(Brief descriptive captions)
________________

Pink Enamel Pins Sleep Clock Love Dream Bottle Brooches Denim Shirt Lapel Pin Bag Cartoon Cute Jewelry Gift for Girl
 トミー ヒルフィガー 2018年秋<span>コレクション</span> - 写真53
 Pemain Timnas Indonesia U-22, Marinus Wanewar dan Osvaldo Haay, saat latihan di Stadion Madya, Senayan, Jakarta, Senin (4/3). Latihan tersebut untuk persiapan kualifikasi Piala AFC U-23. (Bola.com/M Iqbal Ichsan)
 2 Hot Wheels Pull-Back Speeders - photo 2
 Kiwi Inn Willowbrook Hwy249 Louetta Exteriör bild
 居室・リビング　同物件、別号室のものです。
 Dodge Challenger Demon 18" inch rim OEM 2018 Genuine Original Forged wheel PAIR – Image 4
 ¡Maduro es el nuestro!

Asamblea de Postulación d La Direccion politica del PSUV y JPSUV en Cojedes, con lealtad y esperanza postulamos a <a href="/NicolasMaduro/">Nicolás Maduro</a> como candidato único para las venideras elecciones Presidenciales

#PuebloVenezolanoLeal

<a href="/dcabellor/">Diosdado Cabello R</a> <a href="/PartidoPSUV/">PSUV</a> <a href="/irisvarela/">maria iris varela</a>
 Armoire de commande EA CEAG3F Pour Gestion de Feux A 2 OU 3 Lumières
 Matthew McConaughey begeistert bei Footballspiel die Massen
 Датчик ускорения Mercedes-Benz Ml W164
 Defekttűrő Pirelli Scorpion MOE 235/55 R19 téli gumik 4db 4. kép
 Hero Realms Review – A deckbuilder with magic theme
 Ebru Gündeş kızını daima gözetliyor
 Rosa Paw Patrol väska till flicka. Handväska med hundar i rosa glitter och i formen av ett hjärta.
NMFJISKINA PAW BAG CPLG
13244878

________________

WHAT IS EXPECTED: Write out every line of the entries that holds the word "Maduro".

REPLY:
 ¡Maduro es el nuestro!
Asamblea de Postulación d La Direccion politica del PSUV y JPSUV en Cojedes, con lealtad y esperanza postulamos a <a href="/NicolasMaduro/">Nicolás Maduro</a> como candidato único para las venideras elecciones Presidenciales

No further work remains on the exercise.